Lembro bem o entusiasmo de Isabel da Nóbrega sobre a importância desses programas, designadamente dos célebres “Dicos d’Or”, ditados nacionais para que se escrevesse melhor, com mais rigor, e que inspirou fugazmente os nossos Campeonatos Nacionais da Língua Portuguesa, que Francisco Balsemão, em boa hora, trouxe para Portugal. O segredo para o sucesso de Bernard Pivot deveu-se à escolha de personalidades capazes de suscitar boas polémicas e inesperadas controvérsias. Então presenciávamos o renascimento dos antigos salões literários, com uma qualidade e um refinamento difíceis de alcançar.

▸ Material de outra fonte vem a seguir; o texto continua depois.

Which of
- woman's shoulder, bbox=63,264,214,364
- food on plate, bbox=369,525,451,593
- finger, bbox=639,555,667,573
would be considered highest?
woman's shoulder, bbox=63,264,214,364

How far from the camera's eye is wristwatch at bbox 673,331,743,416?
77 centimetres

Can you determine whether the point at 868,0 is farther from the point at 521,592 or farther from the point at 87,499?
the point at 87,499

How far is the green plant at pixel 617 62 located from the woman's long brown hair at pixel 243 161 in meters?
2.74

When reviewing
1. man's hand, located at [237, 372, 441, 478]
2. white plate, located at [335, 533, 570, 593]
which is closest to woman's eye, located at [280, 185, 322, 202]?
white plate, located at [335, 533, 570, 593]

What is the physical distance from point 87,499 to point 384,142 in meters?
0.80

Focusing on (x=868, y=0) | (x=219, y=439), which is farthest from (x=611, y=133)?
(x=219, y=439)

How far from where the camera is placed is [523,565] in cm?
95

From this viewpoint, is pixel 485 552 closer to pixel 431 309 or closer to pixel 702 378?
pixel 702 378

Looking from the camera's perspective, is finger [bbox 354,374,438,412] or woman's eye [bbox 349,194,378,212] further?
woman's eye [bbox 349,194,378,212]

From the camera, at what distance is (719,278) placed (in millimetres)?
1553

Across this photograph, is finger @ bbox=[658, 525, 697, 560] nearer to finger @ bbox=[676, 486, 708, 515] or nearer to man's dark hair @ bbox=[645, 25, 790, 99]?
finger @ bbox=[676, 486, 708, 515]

Sabia-se sempre que algo se iria passar nessa noite – jocoso, dramático, inteligente, incerto, mas atraente, motivando uma boa razão de leitura e um bom livro ou uma ideia interessante. Bernard Pivot era de uma curiosidade e de uma imaginação inesgotáveis. Nunca perdeu a capacidade de fascínio de uma criança. E em alguns programas chegou mesmo a ter de lidar com situações muito desagradáveis, como aconteceu em 1978 com o desatino de um Charles Bukowski totalmente ébrio.


Mas Bernard Pivot gostava de arriscar, nunca tendo conseguido convencer Gracq, Cioran, Beckett ou Genet, mas tendo suscitado deliciosos encontros como o de Roland Barthes com Françoise Sagan, sob o olhar de Anne Golon, além da presença difícil, mas muito apreciada, de Marguerite Duras, Claude Levi-Strauss ou Vladimir Jankelévitch… Apesar de ter tido um desencontro profissional com Jean d’Ormesson no “Le Figaro”, a verdade é que este seria o autor com mais presenças nos seus programas. O debate de ideias funcionava e punha os espectadores presos à pantalha, como antes não suspeitariam possível. Só a qualidade excecional de Bernard Pivot permitia manter conversas apaixonantes, sempre renovadas, e sobretudo insuscetíveis de caber em qualquer receita repetitiva ou maçadora. Contudo, o trabalho a que se dava o jornalista era incomensurável, com uma equipa excecional, animada pela qualidade de um maestro culto, inteligente, atento e empenhado, com a tal curiosidade insaciável, facto bem evidente em livros como “Dicionário Amoroso do Vinho” (2006) e “As Palavras da Minha Vida”(2011), obras só possíveis para um grande e requintado especialista. Pode dizer-se que criou um fenómeno que nos obriga a pensar. Por mais campanhas que se façam, para promover a leitura, a verdade é que se torna necessário criar motivos sérios e exigentes para mobilizar vontades e interesses. Precisamos de catalisadores capazes de tornar a leitura e o amor aos livros fatores de cultura, como foi Bernard Pivot.          


Uma nota final. As Artes afirmam-se pela prática e pelo exemplo. Hoje, devo lembrar a memória de um jovem músico da Orquestra Gulbenkian, Pedro Freire, que nos deixou na flor da idade sem que alguém pudesse prever. Fica o seu entusiasmo e a sua extraordinária qualidade a demonstrar que o culto das Artes está no princípio de tudo.